• **Task to carry out**: Please output all of the entries exactly and omit any images they hold.

• **Data shown**:

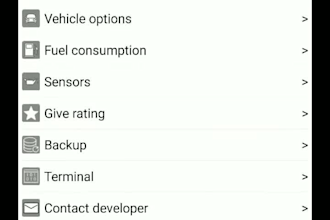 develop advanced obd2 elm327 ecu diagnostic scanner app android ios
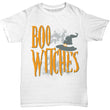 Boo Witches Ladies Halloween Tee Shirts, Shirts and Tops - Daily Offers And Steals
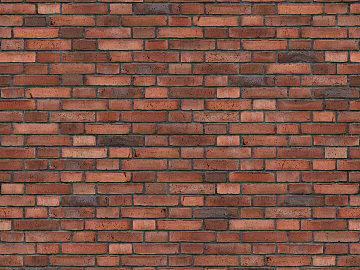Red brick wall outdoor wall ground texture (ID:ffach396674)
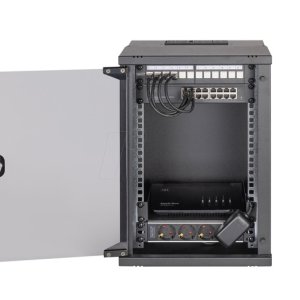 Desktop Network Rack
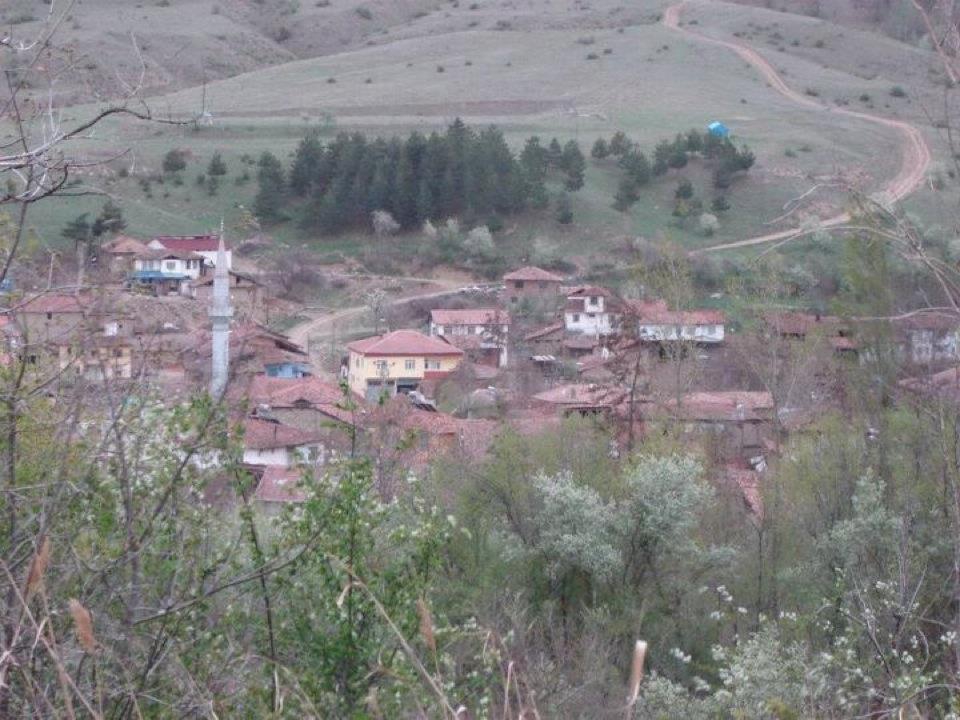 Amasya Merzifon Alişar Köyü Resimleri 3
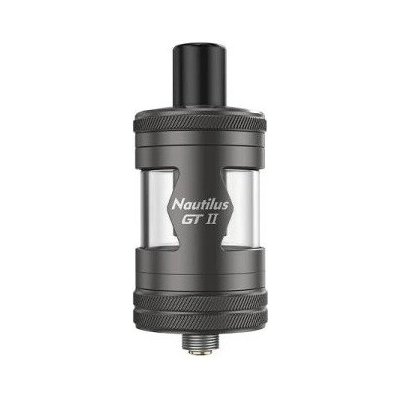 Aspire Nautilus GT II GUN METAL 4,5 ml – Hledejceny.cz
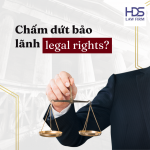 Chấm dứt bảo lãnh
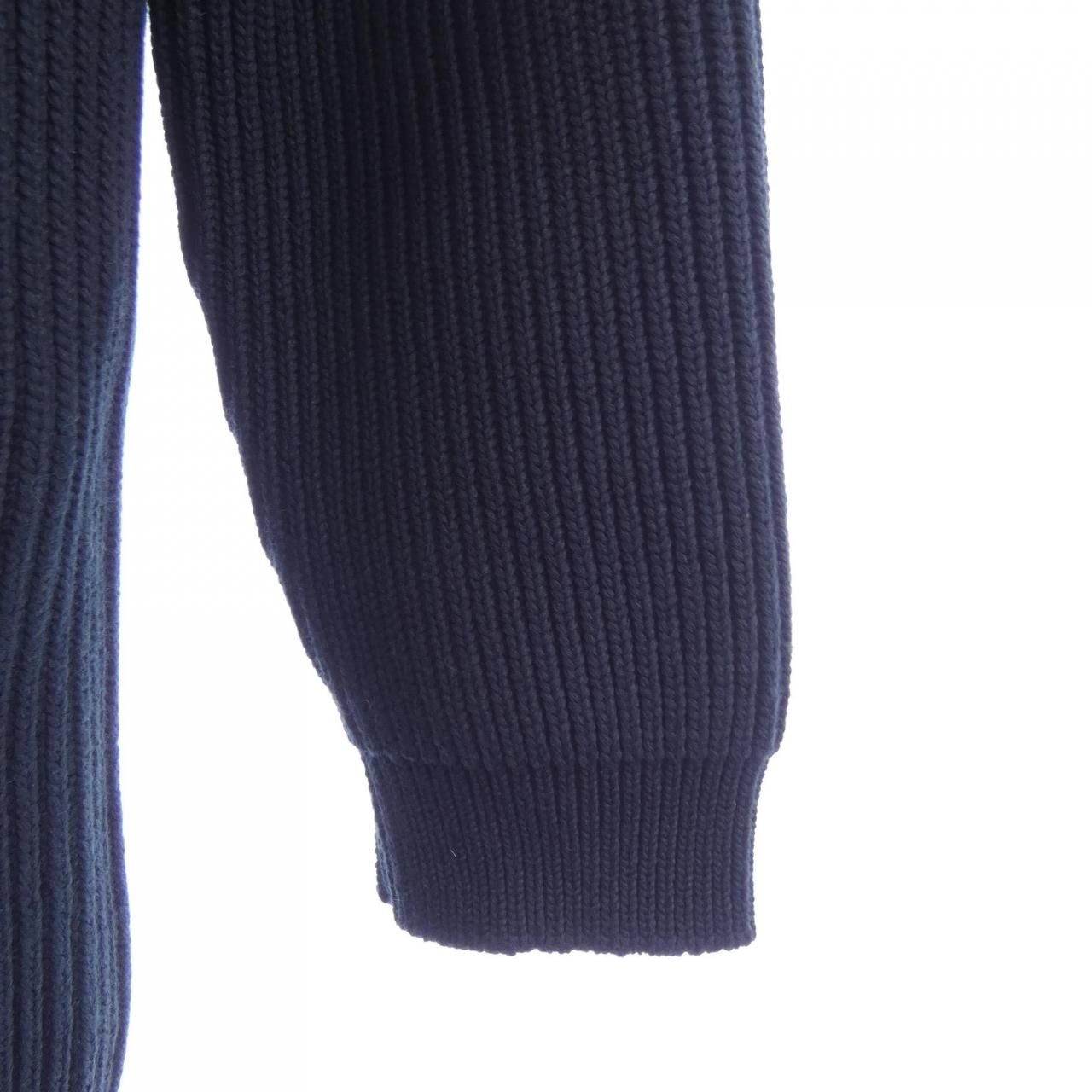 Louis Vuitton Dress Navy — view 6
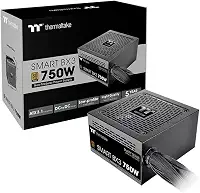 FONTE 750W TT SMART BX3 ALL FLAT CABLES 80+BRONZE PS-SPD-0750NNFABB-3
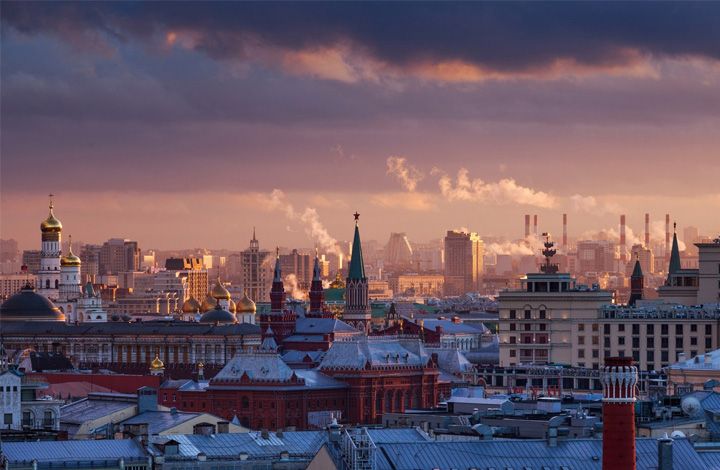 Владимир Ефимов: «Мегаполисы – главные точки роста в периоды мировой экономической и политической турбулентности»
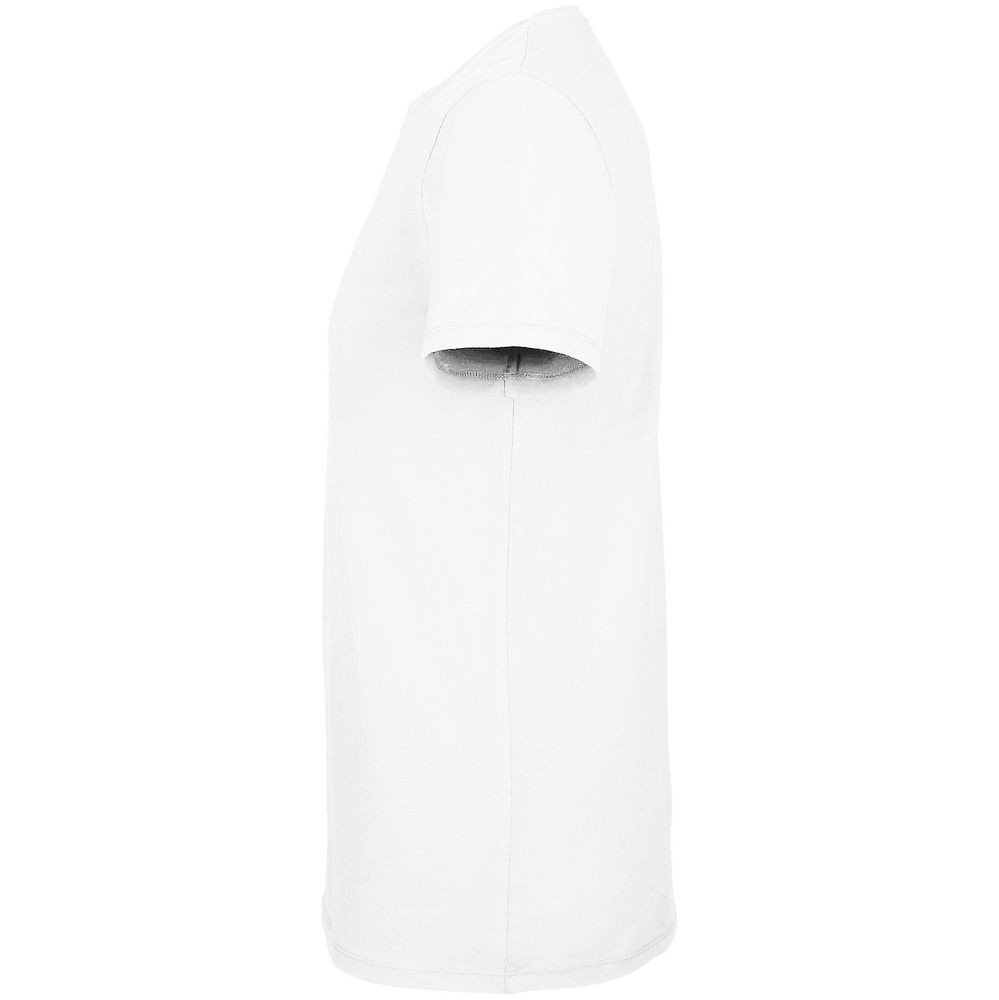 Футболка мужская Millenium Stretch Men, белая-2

• **Output for this exercise**:
 develop advanced obd2 elm327 ecu diagnostic scanner app android ios
 Boo Witches Ladies Halloween Tee Shirts, Shirts and Tops - Daily Offers And Steals
Red brick wall outdoor wall ground texture (ID:ffach396674)
 Desktop Network Rack
 Amasya Merzifon Alişar Köyü Resimleri 3
 Aspire Nautilus GT II GUN METAL 4,5 ml – Hledejceny.cz
 Chấm dứt bảo lãnh
 Louis Vuitton Dress Navy — view 6
 FONTE 750W TT SMART BX3 ALL FLAT CABLES 80+BRONZE PS-SPD-0750NNFABB-3
 Владимир Ефимов: «Мегаполисы – главные точки роста в периоды мировой экономической и политической турбулентности»
 Футболка мужская Millenium Stretch Men, белая-2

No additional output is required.